THE RECORDS
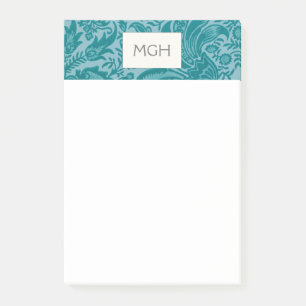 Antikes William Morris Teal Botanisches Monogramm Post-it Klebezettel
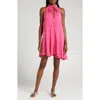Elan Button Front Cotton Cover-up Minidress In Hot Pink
* * *
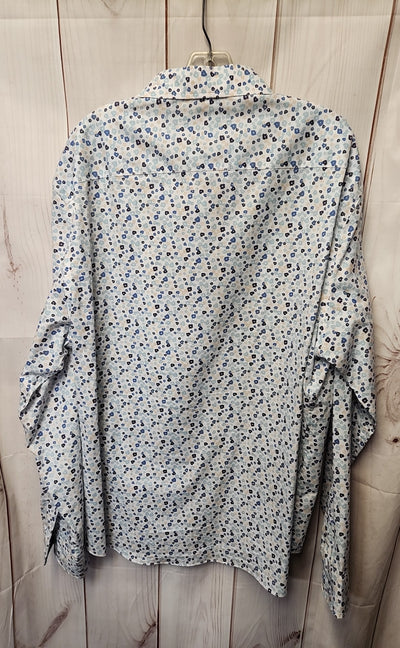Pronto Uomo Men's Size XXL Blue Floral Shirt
--
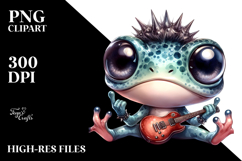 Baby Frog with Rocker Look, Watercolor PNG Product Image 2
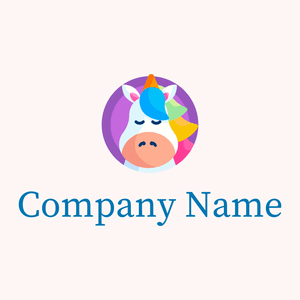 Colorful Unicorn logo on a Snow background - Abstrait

EXERCISE DIRECTIONS
Because only one stretch of the records is wanted, please output the lines from the one holding "Antikes William Morris" through the one holding "Elan Button Front" exactly, both included, and leave every picture out.

FINISHED TASK
 Antikes William Morris Teal Botanisches Monogramm Post-it Klebezettel
Elan Button Front Cotton Cover-up Minidress In Hot Pink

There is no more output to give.